Not represented at the MB meeting.

 

PIC

-          WLCG-07-01: 24x7 Support Definition
WLCG-07-02: 24x7 Support Testing
Setting up on-call service with the current staff; late due to administrative issues and legal verifications.

-          WLCG-07-04: VOBoxes SLA Defined
Discussion on-going with experiments to determine their requirements in term of reaction time and support.

 

G.Merino asked whether the experiments discussing the SLA separately with each site and why there was not a single agreement for all sites (at least on response times, etc)

L.Robertson replied that the sites should agree independently because they all have slightly different local procedures.

 

RAL

-          WLCG-07-01: 24x7 Support Definition
WLCG-07-02: 24x7 Support Testing
Funding for call-out staff has been approved from April 2008. A plan will be provided how to achieve the 24x7 support until that date.

-          WLCG-07-04: VOBoxes SLA Defined
The action is being implemented, started discussing with the Experiments.

 

SARA NIKHEF

-          WLCG-07-01: 24x7 Support Definition
WLCG-07-02: 24x7 Support Testing
SARA intends to provide the level agreement by default in the MoU. If is not adequate the VOs should contact the site.
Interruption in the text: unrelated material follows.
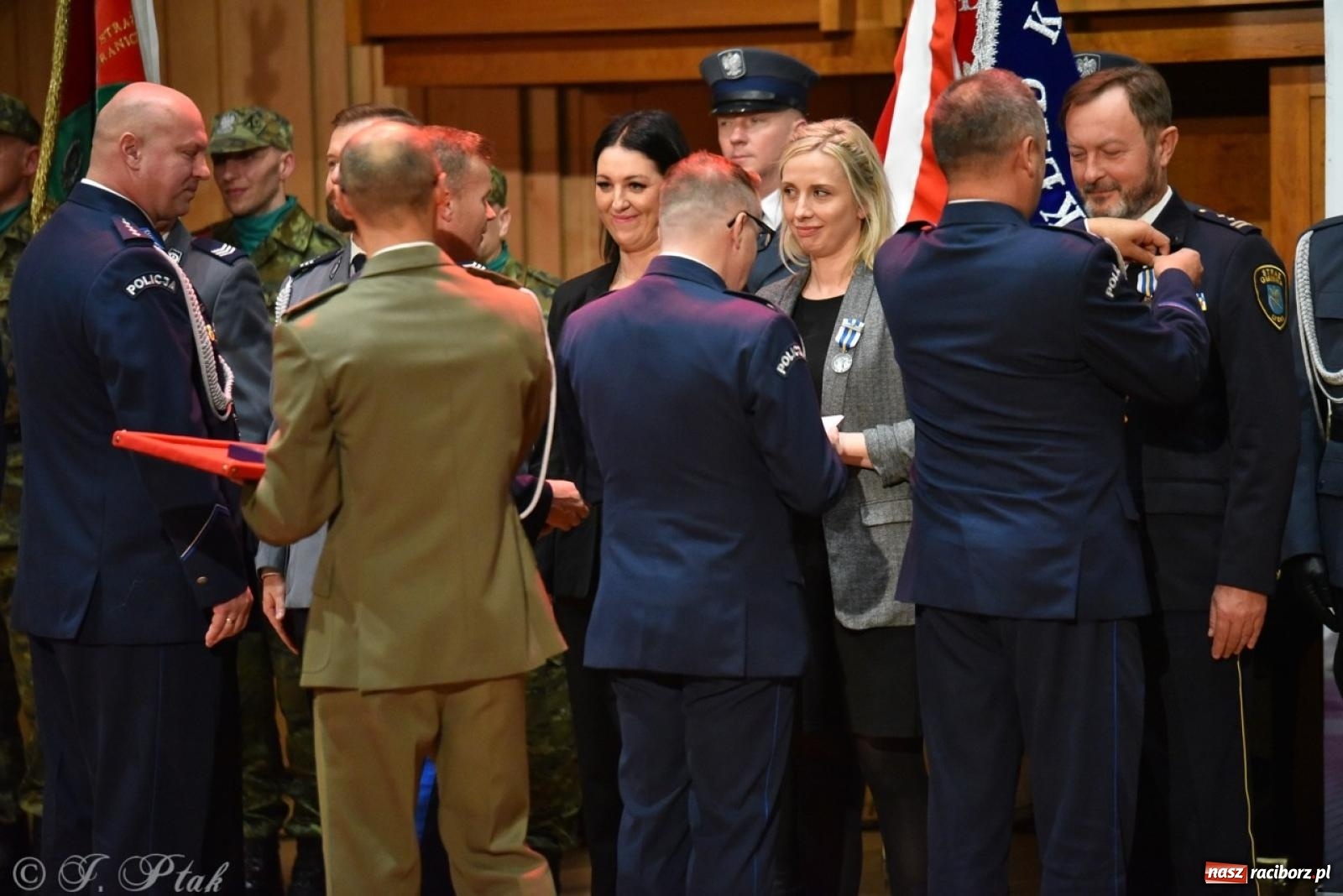 Zdjęcie w galerii na portalu naszraciborz.pl: Narodowe Święto Niepodległości. Wspólny apel raciborskich służb mundurowych [FOTO i WIDEO] wiadomości z regionu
It is not always clear who the VO contacts are and there are problems about hiring staff for such support.

 

L.Robertson stated that is the site has the responsibility (and is in its interest) to define an agreement on 24x7 support, covering the use cases and needs of the Experiments. And support over the week end will be needed: the MoU says that during accelerator operations acceptance of data must be supported within 12 hours.

 

-          WLCG-07-04: VOBoxes SLA Defined
The action is being implemented, started discussing with the Experiments.

 

TRIUMF

Not represented at the MB meeting.

 

BNL

-          WLCG-07-04: VOBoxes SLA Defined
The support is being defined with ATLAS. BNL has a hot spare CPU available to replace it in case of failure.

-          WLCG-07-06: Job Priorities Available at Site
The priorities are implemented; the only missing step is the publishing into the Information System.

 

FNAL

-          WLCG-07-06: Job Priorities Available at Site
The priorities are implemented; the only missing step is the publishing into the Information System because it was not a priority for CMS.

 

1.      AOB 

 

1.1         Recent Job Priorities Issues

J.Templon reported that Job Priority was interpreted in different ways by different services (WMS, BDII) and this caused serious problems for the ATLAS jobs.

BTW: Why was the discussion done “privately” without involving the MB or any other LCG group/body?

 

A solution was found and it is being deployed and tested on the PPS at CERN. ATLAS asked the site to stop any activity in upgrading the Job Priority services. Sites could continue the deployment but do not put it in production. Sites that have it deployed should NOT un-deploy it.

1.2         LHCC Referees Meeting in the Morning

Not all referees were present and the meeting and it was organized too late for booking a suitable room for a remote phone connection. Apologies.

1.3         Next Meetings

J.Templon asked for an update on the status of the work on how the VOMS group/roles interlock into the different services.

L.Robertson replied that it could be done in two weeks because before there is the EGEE review.

 

Next meeting: Because of the EGEE Review at CERN a meeting room for the MB will be booked.

Update: Salle B has been booked for the MB on the 15th of May. Phone conferencing will also be available as usual.

 

2.      Summary of New Actions

 

 

No new actions.

 

The full Action List, current and past items, will be in this wiki page before next MB meeting.